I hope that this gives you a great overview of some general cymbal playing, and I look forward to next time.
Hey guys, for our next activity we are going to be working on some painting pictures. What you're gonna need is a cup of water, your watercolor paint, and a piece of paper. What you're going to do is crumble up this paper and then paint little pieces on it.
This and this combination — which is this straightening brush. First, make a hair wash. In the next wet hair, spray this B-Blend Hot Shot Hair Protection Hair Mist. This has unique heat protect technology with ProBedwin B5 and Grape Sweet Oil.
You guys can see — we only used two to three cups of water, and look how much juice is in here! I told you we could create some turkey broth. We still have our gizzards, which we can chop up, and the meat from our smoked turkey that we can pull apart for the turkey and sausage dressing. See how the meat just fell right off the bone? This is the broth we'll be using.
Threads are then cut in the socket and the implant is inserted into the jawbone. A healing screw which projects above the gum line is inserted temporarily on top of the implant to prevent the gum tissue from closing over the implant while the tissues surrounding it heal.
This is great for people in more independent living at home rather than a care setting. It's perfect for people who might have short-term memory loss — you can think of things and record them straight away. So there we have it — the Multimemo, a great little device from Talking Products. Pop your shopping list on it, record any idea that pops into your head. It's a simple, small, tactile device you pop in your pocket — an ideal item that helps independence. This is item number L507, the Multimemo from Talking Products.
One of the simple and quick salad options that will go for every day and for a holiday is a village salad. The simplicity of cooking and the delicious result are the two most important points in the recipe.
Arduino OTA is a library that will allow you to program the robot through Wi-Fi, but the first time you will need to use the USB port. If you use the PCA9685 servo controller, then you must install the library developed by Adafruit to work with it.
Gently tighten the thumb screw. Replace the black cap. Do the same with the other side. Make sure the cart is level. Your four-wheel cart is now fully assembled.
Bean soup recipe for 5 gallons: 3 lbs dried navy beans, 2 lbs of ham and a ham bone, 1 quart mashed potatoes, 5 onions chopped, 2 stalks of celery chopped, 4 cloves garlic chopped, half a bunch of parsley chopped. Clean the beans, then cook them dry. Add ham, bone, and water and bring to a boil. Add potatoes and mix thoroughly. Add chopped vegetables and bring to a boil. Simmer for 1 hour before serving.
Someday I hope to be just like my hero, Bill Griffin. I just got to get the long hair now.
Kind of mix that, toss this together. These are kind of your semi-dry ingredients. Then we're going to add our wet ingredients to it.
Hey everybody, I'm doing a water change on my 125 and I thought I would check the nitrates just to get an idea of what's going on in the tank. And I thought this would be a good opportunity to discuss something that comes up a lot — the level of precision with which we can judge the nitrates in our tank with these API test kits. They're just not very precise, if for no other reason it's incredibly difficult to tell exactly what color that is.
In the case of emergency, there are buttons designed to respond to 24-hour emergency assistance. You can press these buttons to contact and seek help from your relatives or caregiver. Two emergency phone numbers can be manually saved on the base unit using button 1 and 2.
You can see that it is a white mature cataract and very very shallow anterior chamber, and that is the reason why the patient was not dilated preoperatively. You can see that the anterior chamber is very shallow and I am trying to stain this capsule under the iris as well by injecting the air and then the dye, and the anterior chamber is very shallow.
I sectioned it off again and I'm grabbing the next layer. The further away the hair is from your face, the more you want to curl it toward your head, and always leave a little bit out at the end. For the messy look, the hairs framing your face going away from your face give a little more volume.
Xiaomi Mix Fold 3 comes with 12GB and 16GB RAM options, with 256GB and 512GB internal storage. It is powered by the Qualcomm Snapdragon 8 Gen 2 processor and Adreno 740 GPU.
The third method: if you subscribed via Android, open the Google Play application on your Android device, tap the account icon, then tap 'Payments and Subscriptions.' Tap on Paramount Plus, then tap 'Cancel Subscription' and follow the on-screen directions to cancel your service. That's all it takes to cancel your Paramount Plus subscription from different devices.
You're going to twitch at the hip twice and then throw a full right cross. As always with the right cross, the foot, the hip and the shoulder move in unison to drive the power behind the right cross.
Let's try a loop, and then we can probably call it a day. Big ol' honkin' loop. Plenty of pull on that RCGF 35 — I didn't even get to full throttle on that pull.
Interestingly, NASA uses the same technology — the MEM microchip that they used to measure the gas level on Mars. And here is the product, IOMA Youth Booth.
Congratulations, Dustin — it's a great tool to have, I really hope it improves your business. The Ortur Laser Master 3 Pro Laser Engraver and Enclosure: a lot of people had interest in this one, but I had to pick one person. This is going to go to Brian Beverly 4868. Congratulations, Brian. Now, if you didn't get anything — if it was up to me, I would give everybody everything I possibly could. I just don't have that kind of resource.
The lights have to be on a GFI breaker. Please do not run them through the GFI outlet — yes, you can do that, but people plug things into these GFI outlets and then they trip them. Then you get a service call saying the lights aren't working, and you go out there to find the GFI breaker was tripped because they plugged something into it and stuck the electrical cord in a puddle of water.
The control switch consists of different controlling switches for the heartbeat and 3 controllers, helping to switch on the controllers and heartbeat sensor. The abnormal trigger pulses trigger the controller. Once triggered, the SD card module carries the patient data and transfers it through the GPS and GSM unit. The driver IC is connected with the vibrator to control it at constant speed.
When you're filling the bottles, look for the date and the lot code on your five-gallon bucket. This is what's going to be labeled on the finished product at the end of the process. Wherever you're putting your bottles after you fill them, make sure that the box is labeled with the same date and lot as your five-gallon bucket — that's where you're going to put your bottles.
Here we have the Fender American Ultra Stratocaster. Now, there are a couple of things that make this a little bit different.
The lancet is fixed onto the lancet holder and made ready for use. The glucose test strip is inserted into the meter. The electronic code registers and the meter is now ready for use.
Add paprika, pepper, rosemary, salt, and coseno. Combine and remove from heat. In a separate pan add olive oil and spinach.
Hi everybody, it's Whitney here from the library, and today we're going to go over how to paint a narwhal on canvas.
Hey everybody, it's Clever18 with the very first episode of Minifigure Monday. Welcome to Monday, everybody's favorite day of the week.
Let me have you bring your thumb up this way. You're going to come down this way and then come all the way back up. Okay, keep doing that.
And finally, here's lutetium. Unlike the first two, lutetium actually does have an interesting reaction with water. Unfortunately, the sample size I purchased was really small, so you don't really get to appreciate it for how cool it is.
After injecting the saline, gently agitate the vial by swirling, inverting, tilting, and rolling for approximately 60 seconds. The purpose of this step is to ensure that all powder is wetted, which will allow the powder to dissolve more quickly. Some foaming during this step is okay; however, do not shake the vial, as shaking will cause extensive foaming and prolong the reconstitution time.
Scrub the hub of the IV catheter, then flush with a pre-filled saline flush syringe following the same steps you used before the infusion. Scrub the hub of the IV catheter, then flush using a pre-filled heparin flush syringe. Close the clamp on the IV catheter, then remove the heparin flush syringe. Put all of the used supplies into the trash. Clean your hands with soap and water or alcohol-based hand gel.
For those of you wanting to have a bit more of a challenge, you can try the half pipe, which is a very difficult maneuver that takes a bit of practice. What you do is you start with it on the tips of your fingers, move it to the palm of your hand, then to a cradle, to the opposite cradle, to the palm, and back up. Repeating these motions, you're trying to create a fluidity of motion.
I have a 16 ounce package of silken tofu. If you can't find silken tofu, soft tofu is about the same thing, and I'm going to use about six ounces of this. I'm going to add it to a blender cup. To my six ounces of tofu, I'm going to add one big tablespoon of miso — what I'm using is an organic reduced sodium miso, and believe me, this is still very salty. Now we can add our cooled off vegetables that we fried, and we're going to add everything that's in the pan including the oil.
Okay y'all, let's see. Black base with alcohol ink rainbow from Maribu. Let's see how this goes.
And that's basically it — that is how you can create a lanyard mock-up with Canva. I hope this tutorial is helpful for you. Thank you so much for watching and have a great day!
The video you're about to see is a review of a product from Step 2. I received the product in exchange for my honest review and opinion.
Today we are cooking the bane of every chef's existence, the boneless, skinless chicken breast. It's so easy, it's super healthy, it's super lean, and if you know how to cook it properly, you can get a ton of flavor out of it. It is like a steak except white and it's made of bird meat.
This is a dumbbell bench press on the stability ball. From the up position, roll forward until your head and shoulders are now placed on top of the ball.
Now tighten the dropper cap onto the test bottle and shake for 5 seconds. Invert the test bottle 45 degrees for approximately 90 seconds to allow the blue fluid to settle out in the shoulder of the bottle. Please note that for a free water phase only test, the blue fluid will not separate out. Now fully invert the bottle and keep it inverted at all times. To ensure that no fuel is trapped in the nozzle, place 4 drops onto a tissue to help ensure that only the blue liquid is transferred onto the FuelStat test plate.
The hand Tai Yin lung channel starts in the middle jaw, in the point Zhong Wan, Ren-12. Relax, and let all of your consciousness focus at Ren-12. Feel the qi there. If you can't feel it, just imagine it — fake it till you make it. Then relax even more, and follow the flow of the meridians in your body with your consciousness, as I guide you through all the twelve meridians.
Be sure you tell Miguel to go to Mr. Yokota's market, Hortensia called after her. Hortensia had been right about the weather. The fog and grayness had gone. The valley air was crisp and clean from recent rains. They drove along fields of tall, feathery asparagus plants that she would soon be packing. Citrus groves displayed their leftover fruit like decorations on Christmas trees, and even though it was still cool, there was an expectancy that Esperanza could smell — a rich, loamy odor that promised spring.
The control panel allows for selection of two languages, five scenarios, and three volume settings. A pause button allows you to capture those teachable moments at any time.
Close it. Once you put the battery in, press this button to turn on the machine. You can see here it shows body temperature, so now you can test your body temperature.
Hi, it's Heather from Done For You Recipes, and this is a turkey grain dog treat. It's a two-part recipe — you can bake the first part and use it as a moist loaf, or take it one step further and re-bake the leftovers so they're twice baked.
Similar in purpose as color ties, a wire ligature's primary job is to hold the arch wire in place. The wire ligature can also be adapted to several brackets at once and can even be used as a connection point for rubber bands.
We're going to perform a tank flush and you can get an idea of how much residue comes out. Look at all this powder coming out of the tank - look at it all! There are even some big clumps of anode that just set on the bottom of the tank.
○ ○ ○ ○
» Description of the task: Please give back, exactly as it stands above, the stretch from the line with "Someday I hope" through the line with "Xiaomi Mix Fold", and no line outside it.

» Response to the task:
Someday I hope to be just like my hero, Bill Griffin. I just got to get the long hair now.
Kind of mix that, toss this together. These are kind of your semi-dry ingredients. Then we're going to add our wet ingredients to it.
Hey everybody, I'm doing a water change on my 125 and I thought I would check the nitrates just to get an idea of what's going on in the tank. And I thought this would be a good opportunity to discuss something that comes up a lot — the level of precision with which we can judge the nitrates in our tank with these API test kits. They're just not very precise, if for no other reason it's incredibly difficult to tell exactly what color that is.
In the case of emergency, there are buttons designed to respond to 24-hour emergency assistance. You can press these buttons to contact and seek help from your relatives or caregiver. Two emergency phone numbers can be manually saved on the base unit using button 1 and 2.
You can see that it is a white mature cataract and very very shallow anterior chamber, and that is the reason why the patient was not dilated preoperatively. You can see that the anterior chamber is very shallow and I am trying to stain this capsule under the iris as well by injecting the air and then the dye, and the anterior chamber is very shallow.
I sectioned it off again and I'm grabbing the next layer. The further away the hair is from your face, the more you want to curl it toward your head, and always leave a little bit out at the end. For the messy look, the hairs framing your face going away from your face give a little more volume.
Xiaomi Mix Fold 3 comes with 12GB and 16GB RAM options, with 256GB and 512GB internal storage. It is powered by the Qualcomm Snapdragon 8 Gen 2 processor and Adreno 740 GPU.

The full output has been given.